I once shadowed a coach who said he doesn’t believe in warm ups. He said “a leopard doesn’t warm up before they sprint to chase their food so we don’t need to either”. And I just never really got on board with this logic. Sure we can have adrenaline rush in flight or fight and perform magnificent physical feats, but for most day to day exercise – especially the older you get – I highly recommend a warm up. Yes it can be annoying or boring or feel like you’re expending too much energy before your actual workout. However, I hear from so many people how much better they feel during and after their workouts when they warm up. I’d say 99% of the time you’ll feel a benefit and a difference when you warm up. Let’s get into it.
Why We Warm Up
Essentially, our muscles are elastic. Think of a rubber band. When rubber bands are cold they tend to be less mobile and more prone to snapping. When a rubber band is warm it is more mobile and able to be stretched forward. For your muscles this translates to better range of motion, which we know that better range of motion typically means more efficacy to your movement patterns and benefits of your exercises.
So, the point of warming up is to elevate your core body temperature and literally warm up your cold muscles so you are more mobile and have better movement patterns and range of motion. Warming up also primes and preps your nervous system and signals to your body you’re about to exercise which allows your body to become more optimal for exercise.
4 Main Elements of A Warm Up
There’s various research about warm ups, but the following 4 components are pretty standard recommendations when it comes to warming up. This order would be the ideal sequence to warm up in.
*Light* Cardio
You only need 5-10 minutes of light low intensity cardio. The point of this is literally to warm up your core body temperature. A walk on a treadmill or walk to the gym would do the trick, bike, elliptical, rowing machine, etc. are good ideas. Stairmaster might be a little to taxing for the purposes of this warm up as a gauge of what might be considered too much cardio.
Myofascial Release
This could also be considered self manual therapy and would include procedures like foam rolling, percussion guns, rolling out on a lacrosse ball, etc. The purpose of this is to have blood be directed and flow to your muscles to prime and prep the muscles.
Dynamic Stretching
There’s been a lot of research coming out how static stretching like a toe touch isn’t the best warm up. Examples of a dynamic stretch would be leg swings or arm circles. Again, the purpose of this is to get blood flowing and the body warm. Noticing a pattern, yet? One of my favorite dynamic stretches is literally called “the world’s greatest stretch” and it’s probably my most preferred pre-movement stretch because it really is the perfect stretch.
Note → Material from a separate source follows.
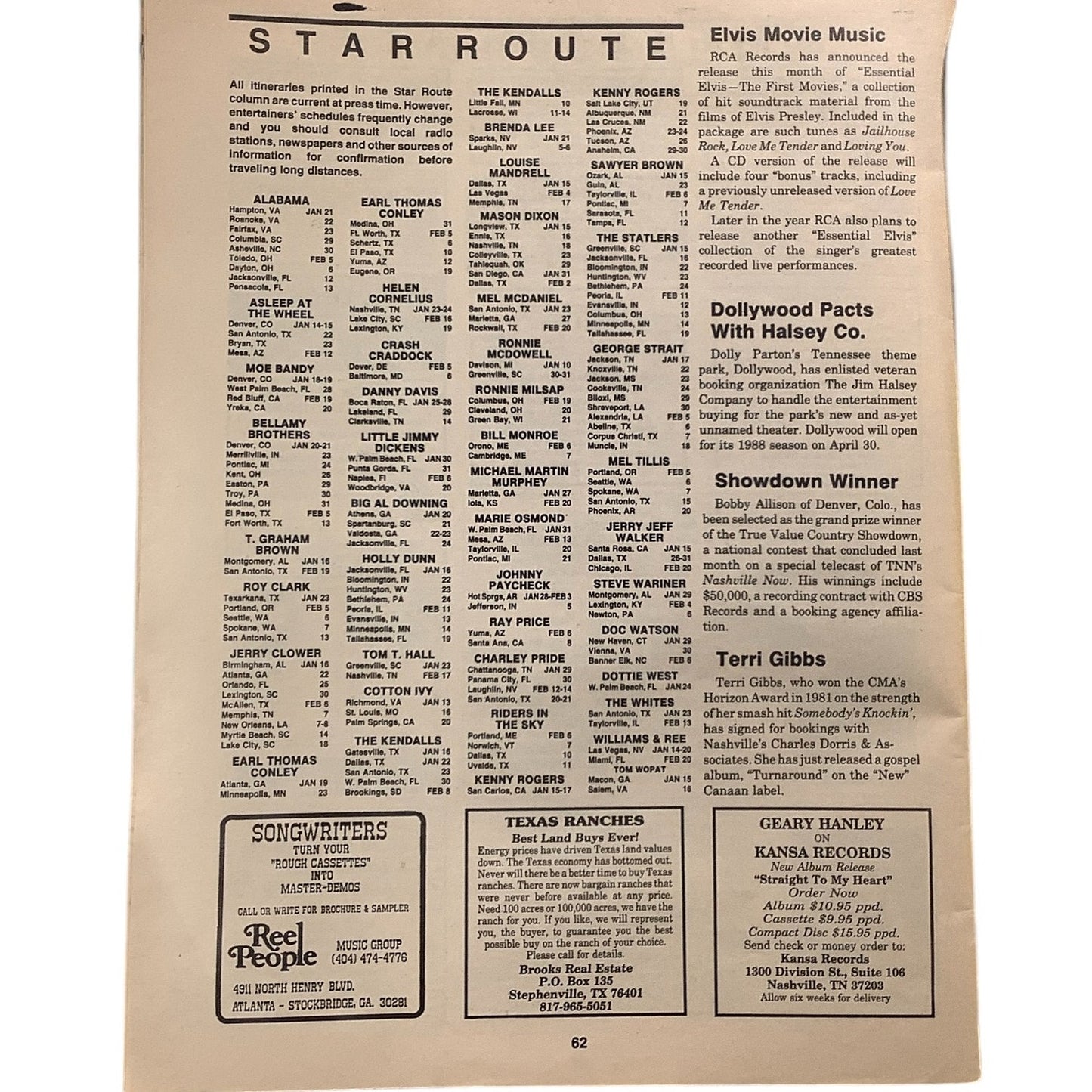 Music City News Magazine, Jan 1988 - Special 25th Anniversary Edition, 64 Pages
Bodyweight/Lighter Sets Working Up to Your Movement
The purpose of this is mostly to prime your nervous system and your movement patterns. In the previous articles I’ve posted I’ve noted why we typically begin with bodyweight movements before we progress to weighted movements. However, in this instance, sometimes you should be building up from body weight, a little more weight, and a little more weight until your at the amount that you’re supposed to be lifting at. Sometimes, it’s necessary to build up to a weight, but for complex, multijoint, and heavy movements I’d highly recommend it.
The Bottom Line: Please Find A Warm Up that Works for You
I personally love and try to begin any exercise session I do with some self myofascial release and then some dynamic movement. Before most of my lifts I’ll do bodyweight versions of the movement to fire up my nervous system for the movement pattern. I count my light cardio as my walk to the gym, but some people would do better to really warm up their muscles a little more before they begin the rest of the warm up.